1. Définition & importance
La relation médecin–malade est le fondement du soin.
Elle combine :
- Science (diagnostic, traitement)
- Éthique (respect, autonomie, confidentialité)
- Humanité (écoute, empathie, présence)
Elle influence directement :
- la confiance,
- l’adhésion au traitement,
- la qualité et la sécurité des soins,
- le pronostic.
2. Modèles de la relation
- Paternaliste : le médecin décide ; patient passif.
- Informatif : médecin informe ; patient choisit seul.
- Partenarial (moderne) : décision partagée.
- Humaniste : prise en compte des émotions, valeurs, contexte social.
3. Dimensions essentielles
- Cognitive : information claire, vulgarisation.
- Affective : reconnaissance des émotions.
- Éthique : autonomie, dignité, justice.
- Sociale/culturelle : contexte de vie, croyances.
- Symbolique : médecin = sécurité, savoir.
4. Compétences relationnelles du médecin
- Écoute active : silence, reformulation, validation émotionnelle.

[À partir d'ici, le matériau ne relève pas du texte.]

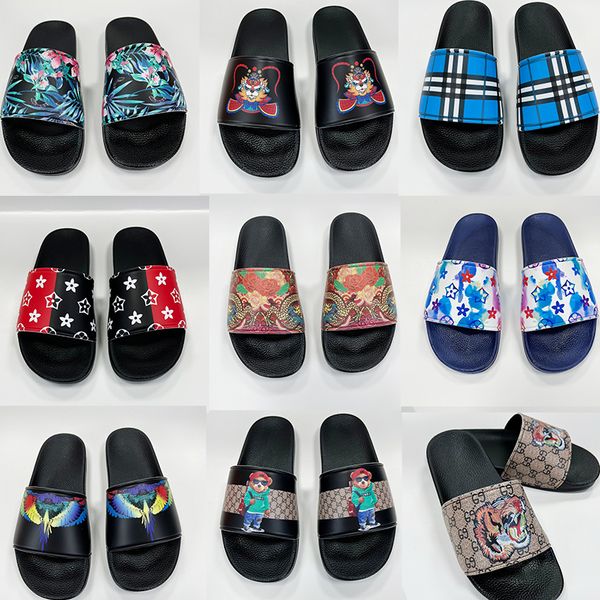

good quality luxury brand designer slipper mens flip flops striped slides sandals printed flower non-slip slippers women hollow beach sandal, Black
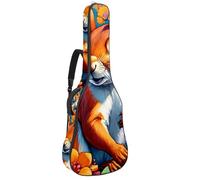 Grand étui pour guitare acoustique, beau étui pour guitare de 101,6 cm, 101,6 cm, sac de transport étanche avec couche de protection, dessin de couleur hérisson, Multicolore #03, 42.9x16.9x4.7 in, Sac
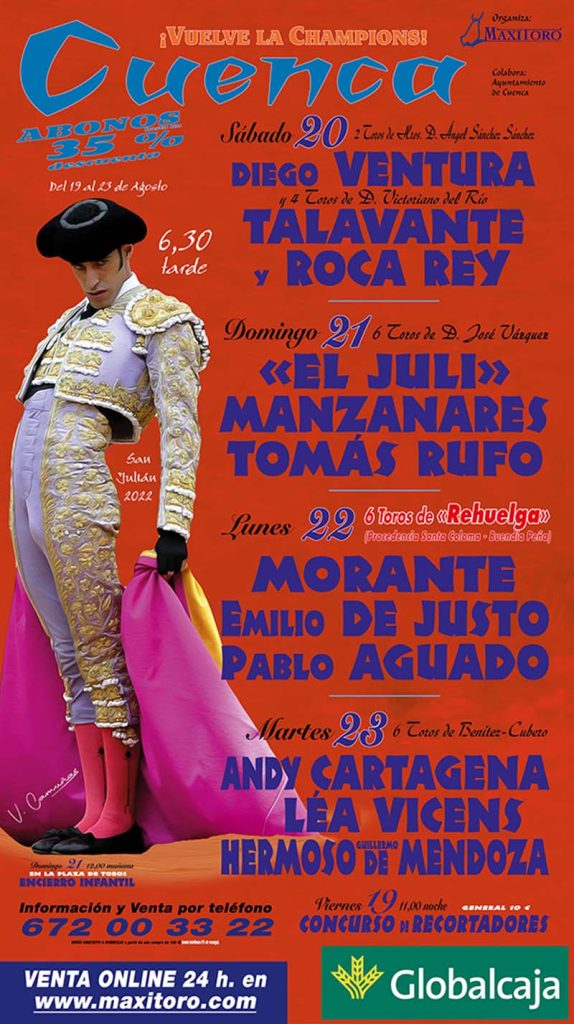 Cartel toros Cuenca 2022 - Feria taurina de San Julián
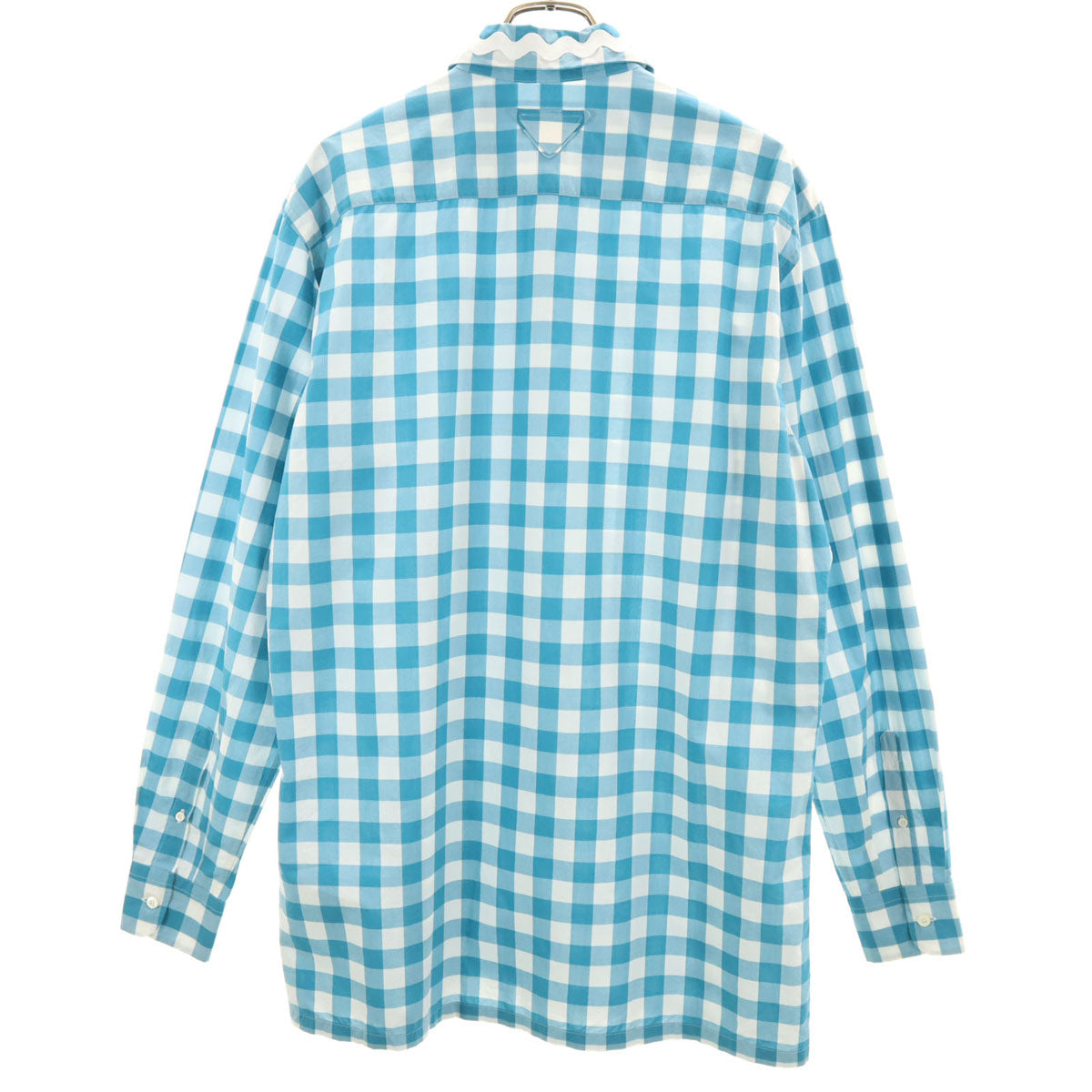 PRADA プラダ イタリア製 ギンガムチェック柄 長袖 コットンシャツ 42 ホワイト メンズ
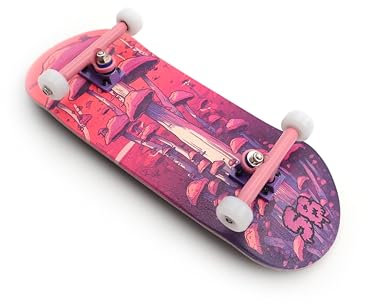 SPITBOARDS 34 x 96 mm Wood Fingerboard Complete Set-Up, Pre Assembled, 5-Layers Wood, Pro Trucks with Lock Nuts, CNC Bearing Wheels, Real Wear Graphics, Lasered Foam Grip Tape, Pink Mushrooms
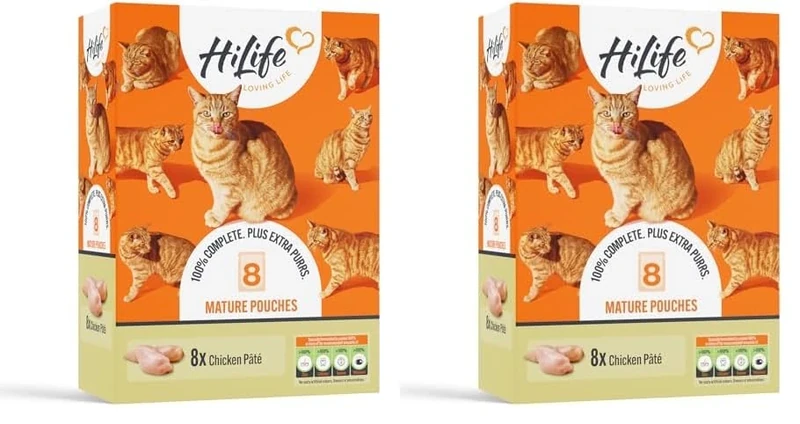 HiLife Mature Wet Cat Food for Senior Cats, Chicken Terrine in Jelly, Complete Senior Cat Food Pouches, 100% Natural & Grain Free (32 x 70g Pouches) (Pack of 2)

- Empathie : comprendre sans fusionner.
- Authenticité : sincérité, congruence.
- Langage adapté : éviter jargon, expliquer simplement.
- Communication non verbale : regard, posture, ton de voix.

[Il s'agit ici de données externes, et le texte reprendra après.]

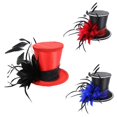 thumbnail image 1 of serony Vintage Feather Fascinator Top Hat Wedding Gothic Magic Hat Burlesque Magic Bridal Woman Fancy Dress Red, 1 of 9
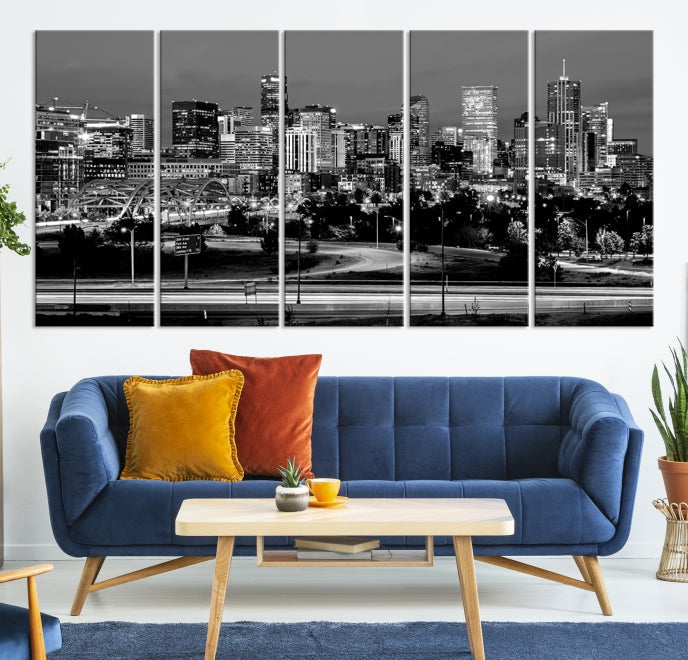 Denver City Lights Skyline Black and White Wall Art Cityscape Canvas Print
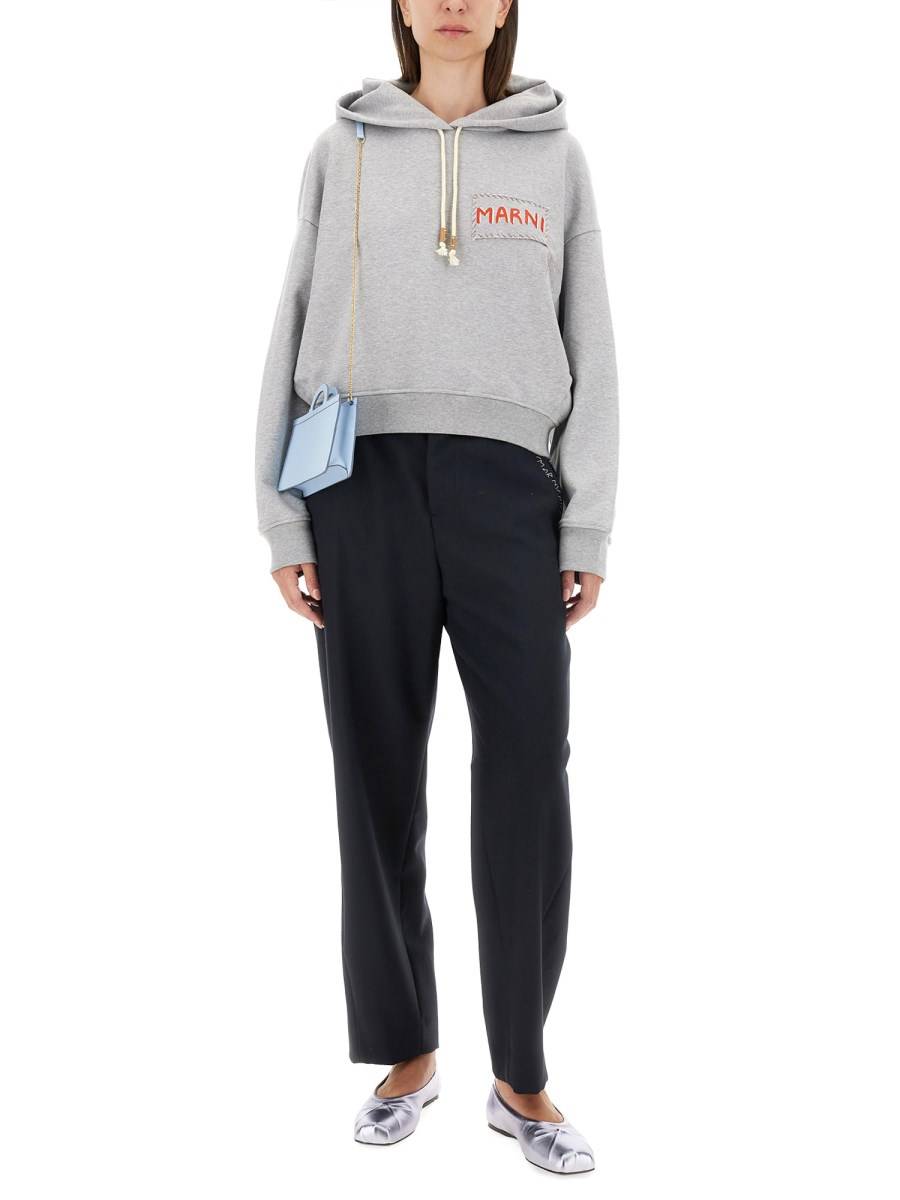 MARNI FELPA IN COTONE CON LOGO Presa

5. Obstacles à la relation
Côté médecin : stress, fatigue, préjugés, manque de temps.
Côté patient : anxiété, méfiance, incompréhension.
Institutionnels : saturation, manque de confidentialité.
Conflits : attentes irréalistes, refus de traitement, erreurs.
6. Éthique dans la relation
- Consentement éclairé
- Confidentialité
- Bienfaisance / non-malfaisance
- Justice
- Décision partagée
- Annonce éthique des mauvaises nouvelles (SPIKES)
7. Communication médicale
Étapes clés :
- Accueil
- Recueil du motif
- Explication du diagnostic
- Décision thérapeutique partagée
- Conclusion + vérification de compréhension
Outils : Calgary–Cambridge, reformulation, SBAR.
8. Relation à l’ère numérique
- Accessibilité, suivi facilité
– Risque de déshumanisation
→ Maintenir présence, regard, empathie même en téléconsultation
9. Message final
La relation médecin–malade n’est pas un acte secondaire :
C’est le premier traitement, et souvent le plus puissant.
Elle repose sur la confiance, l’écoute et l’humanité.